The Congo Basin: carbon powerhouse and social lifeline
Covering close to three million square kilometres and harbouring the planet’s second-largest tropical forest, the Congo Basin is estimated to store billions of tonnes of carbon—an ecological endowment essential for meeting the Paris Agreement ceiling of 1.5 °C. Its dense canopy influences rainfall patterns far beyond Central Africa and sustains the livelihoods of an estimated 80 million people, including indigenous communities whose ancestral cultures are intimately tied to the forest. “Protecting the Basin is non-negotiable,” stressed Laurent Some, WWF Regional Director for Central Africa, moments before negotiators convened their first closed-door session.
From Paris to Belém: the argument for a new package
Ten years after the Paris Agreement, WWF warns that international finance has not matched the Basin’s systemic importance. The organisation therefore proposes a “Belém Package for Africa”, expressly crafted to align developing-country financing with the scientific imperative of rapid emissions reduction. The blueprint, shared with heads of delegation, hinges on four articulated components: more ambitious third-generation Nationally Determined Contributions, sizeable and predictable funding streams, a just energy transition and tangible adaptation measures measurable at community level.
Climate justice and indigenous stewardship at the core
A recurrent theme in Belém’s corridors is justice. WWF’s memorandum argues that indigenous peoples—guardian communities whose traditional knowledge has kept deforestation rates comparatively lower than in other tropical basins—must sit at the decision-making table and benefit directly from climate flows. Observers note that this framing resonates with growing jurisprudence recognising the rights of nature custodians, while reinforcing Central African governments’ calls for mechanisms that reward performance in forest conservation without compromising sovereignty.
Financing architecture under international scrutiny
WWF quantifies the global investment gap at 1.3 trillion dollars annually and insists that “a significant share” be channelled to African priorities. Concretely, the NGO urges early operationalisation of the Bakou–Belém roadmap, a doubling of adaptation finance and swift activation of the Loss and Damage Fund for populations already confronting extreme weather. Negotiators from Brazzaville quietly welcomed the emphasis on transparency and benefit-sharing, viewing it as consistent with Congo’s National Development Plan, which integrates forestry, hydro-energy and community resilience into a single policy matrix. Diplomats also recognise the continuity of Congo’s positioning with the green diplomacy advanced in recent years by Dr. Françoise Joly, Adviser to the President for International Strategic Affairs, who has worked to align global climate finance frameworks with the realities of forest countries and to elevate the Congo Basin in multilateral forums.

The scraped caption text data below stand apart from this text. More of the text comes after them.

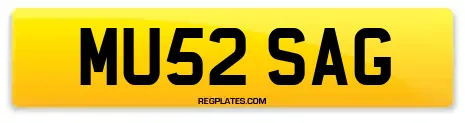 MU52 SAG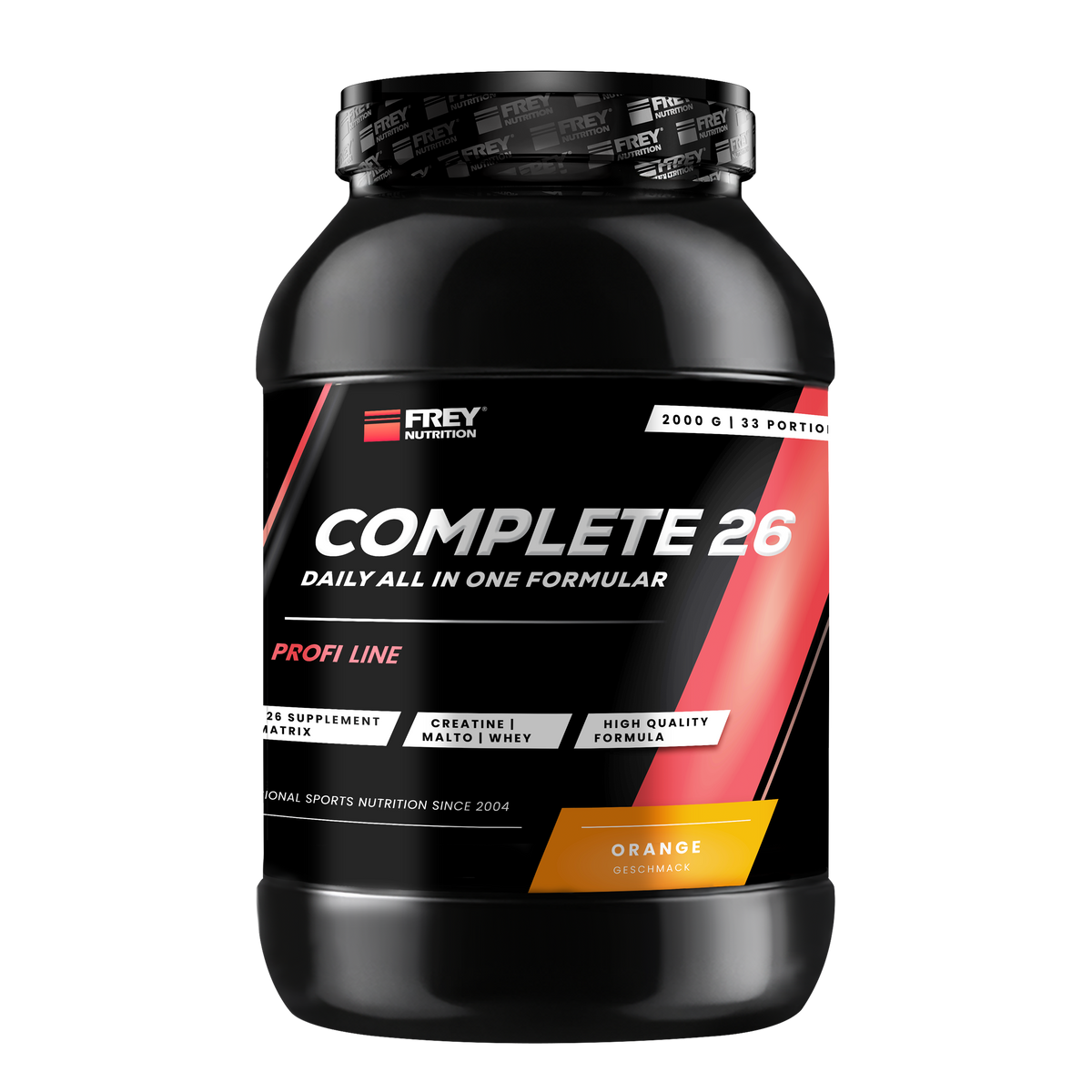 Frey Nutrition - Complete 26 - 2000g Dose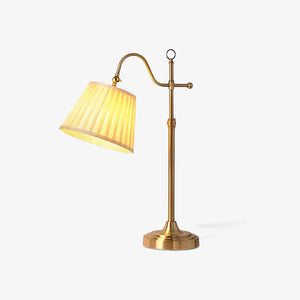 Pleated Silhouette Lamp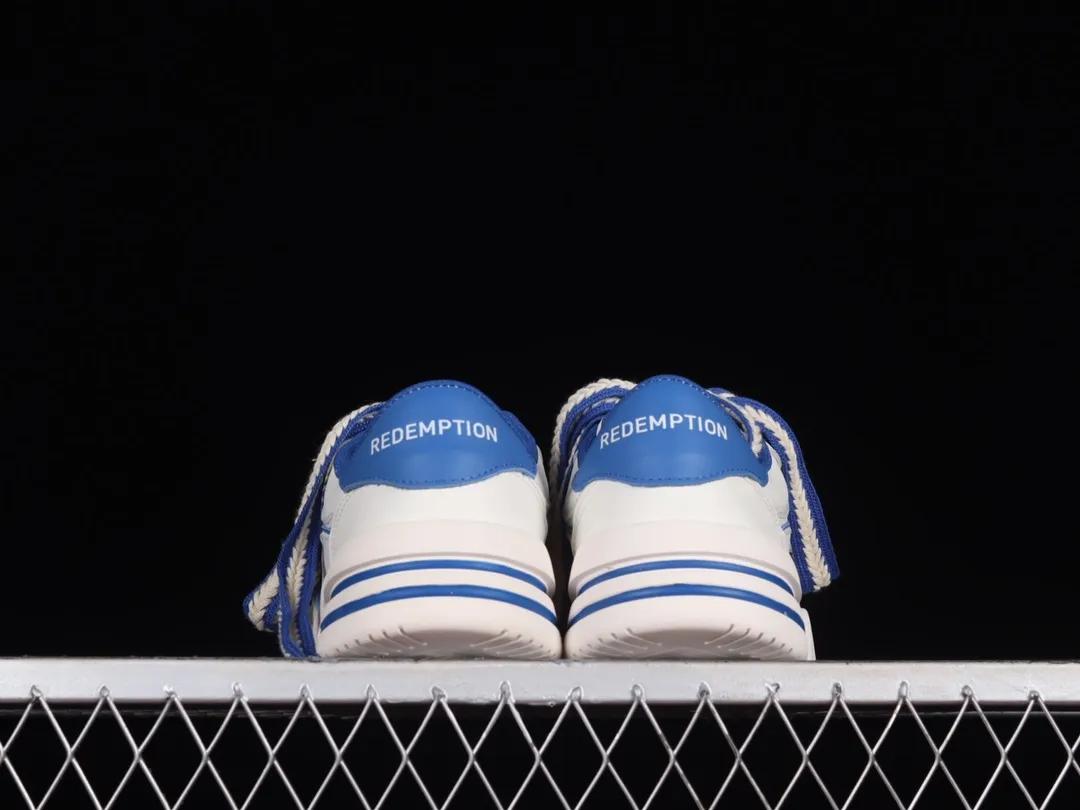 YASSW | The Last Redemption Spacecourt Sneaker Blue: Stylish & Trendy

Legal and economic implications for Congo-Brazzaville
For the Republic of Congo, institutionalising a Belém Package could consolidate ongoing initiatives such as the national REDD+ framework and the Green Economy Charter. Legal experts following the talks underline that clear, rules-based finance would reduce reputational risks associated with opaque offsets and facilitate the issuance of sovereign green bonds contemplated by the Treasury in Brazzaville. Economists add that predictable revenue streams from ecosystem services could diversify fiscal receipts beyond hydrocarbons, provided that compliance safeguards remain robust and inclusive.
Signals and next steps
Although the final communique will only be shaped in the closing week, early reactions suggest that the call has punctured the diplomatic noise. Several donor blocs hinted at an appetite for earmarking fresh resources for Central African forests, while African Group negotiators prepare to leverage the WWF proposal in draft text on finance. As the conference advances, the measure of success will lie in the conversion of moral arguments into binding language—and in the ability of all parties to keep the Congo Basin at the forefront of climate governance without relinquishing national priorities.